Sentiment analysis, also known as opinion mining, is the process of computationally identifying and categorizing the subjective information contained in natural language text. Spark NLP’s deep learning models have achieved state-of-the-art results on sentiment analysis tasks, thanks to their ability to automatically learn features and representations from raw text data.

Sentiment analysis is a popular natural language processing (NLP) task that involves determining the sentiment of a given text, whether it is positive, negative, or neutral. With the rise of social media platforms and online reviews, sentiment analysis has become increasingly important for businesses to understand their customers’ opinions and make informed decisions.

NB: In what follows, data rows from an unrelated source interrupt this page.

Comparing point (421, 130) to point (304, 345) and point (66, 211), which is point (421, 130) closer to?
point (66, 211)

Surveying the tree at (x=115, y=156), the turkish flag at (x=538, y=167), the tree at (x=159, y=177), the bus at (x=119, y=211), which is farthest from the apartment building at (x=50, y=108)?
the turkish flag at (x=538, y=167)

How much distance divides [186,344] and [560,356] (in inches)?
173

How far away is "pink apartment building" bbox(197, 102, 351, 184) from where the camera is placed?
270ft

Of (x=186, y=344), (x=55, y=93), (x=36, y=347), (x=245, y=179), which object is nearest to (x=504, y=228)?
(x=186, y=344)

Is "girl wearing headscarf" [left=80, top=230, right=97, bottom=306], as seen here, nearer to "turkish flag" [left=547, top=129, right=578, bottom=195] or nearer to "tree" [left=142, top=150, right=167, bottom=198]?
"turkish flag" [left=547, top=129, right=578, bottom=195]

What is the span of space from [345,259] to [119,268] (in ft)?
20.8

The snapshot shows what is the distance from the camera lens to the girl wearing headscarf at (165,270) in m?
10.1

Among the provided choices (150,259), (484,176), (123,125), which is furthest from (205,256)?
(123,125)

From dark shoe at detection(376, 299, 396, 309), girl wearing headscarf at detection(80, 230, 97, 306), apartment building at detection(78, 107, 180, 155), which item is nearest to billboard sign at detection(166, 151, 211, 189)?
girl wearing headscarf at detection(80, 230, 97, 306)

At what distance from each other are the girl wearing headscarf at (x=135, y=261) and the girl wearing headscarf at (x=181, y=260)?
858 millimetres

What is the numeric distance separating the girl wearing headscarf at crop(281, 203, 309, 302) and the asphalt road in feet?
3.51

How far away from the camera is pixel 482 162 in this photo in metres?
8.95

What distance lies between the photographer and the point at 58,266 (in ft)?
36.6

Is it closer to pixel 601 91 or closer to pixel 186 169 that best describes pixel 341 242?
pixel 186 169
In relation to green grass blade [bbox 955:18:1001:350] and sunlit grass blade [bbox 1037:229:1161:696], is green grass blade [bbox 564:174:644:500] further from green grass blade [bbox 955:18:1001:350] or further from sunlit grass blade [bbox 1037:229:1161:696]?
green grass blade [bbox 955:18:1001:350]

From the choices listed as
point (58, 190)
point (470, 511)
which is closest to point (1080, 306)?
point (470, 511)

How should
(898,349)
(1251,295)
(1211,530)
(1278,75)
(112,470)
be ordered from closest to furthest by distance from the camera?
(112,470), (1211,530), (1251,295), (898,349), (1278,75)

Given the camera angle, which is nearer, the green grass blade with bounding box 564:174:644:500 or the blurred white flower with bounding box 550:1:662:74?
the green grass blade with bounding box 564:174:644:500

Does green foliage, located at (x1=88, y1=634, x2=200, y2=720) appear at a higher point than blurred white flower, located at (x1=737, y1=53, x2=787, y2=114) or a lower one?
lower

Deep learning models have revolutionized the field of sentiment analysis by providing highly accurate and scalable solutions to automatically classify text into different sentiment categories. Deep learning models can automatically learn features and representations from raw text data, making them well-suited for sentiment analysis tasks. These models have opened up new avenues for researchers and practitioners to develop more accurate and efficient sentiment analysis systems, which can have significant applications in various industries such as marketing, customer service, and product development.

Deep learning models for sentiment analysis can be trained on different types of text data, including reviews, social media posts, and news articles. The performance of these models depends on various factors such as the size and quality of the training data, the choice of model architecture, and the hyperparameters used during training.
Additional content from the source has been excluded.